'''

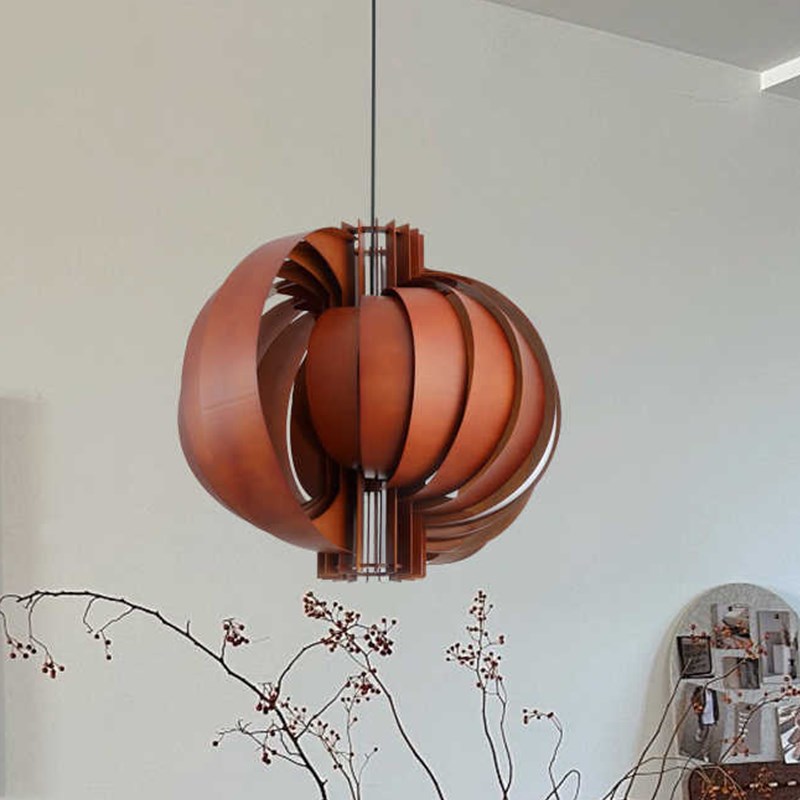 中古风Moon月亮吊灯侘寂风法式复古餐厅吧台原木风卧室民宿设计师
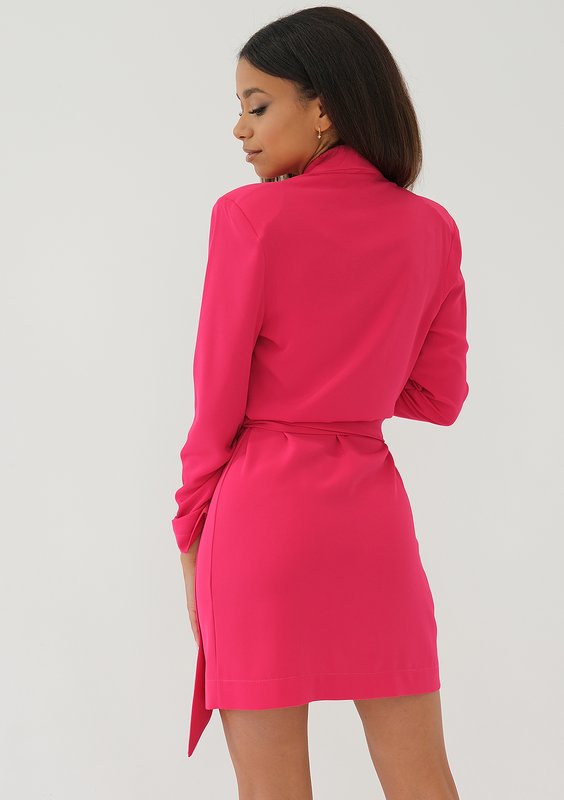 Rosie - Sukienka z kołnierzem Amarant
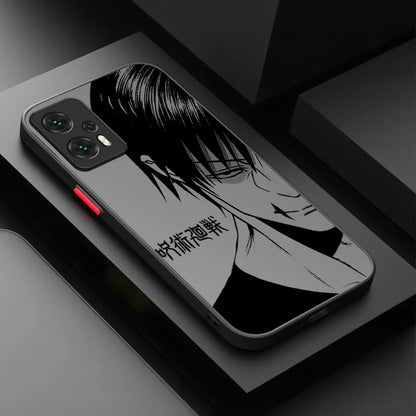 Capa Jujutsu Kaisen Megumi e Gojo para Xiaomi – Proteção em Silicone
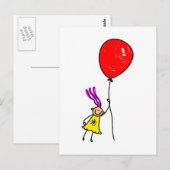 Carte Postale Balloon Girl (Devant / Derrière)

'''

### ASSIGNED TASK
Each line of the listing above must be given again exactly; the pictures are to be left out.

### SOLUTION TO THIS PROBLEM
 中古风Moon月亮吊灯侘寂风法式复古餐厅吧台原木风卧室民宿设计师
 Rosie - Sukienka z kołnierzem Amarant
 Capa Jujutsu Kaisen Megumi e Gojo para Xiaomi – Proteção em Silicone
 Carte Postale Balloon Girl (Devant / Derrière)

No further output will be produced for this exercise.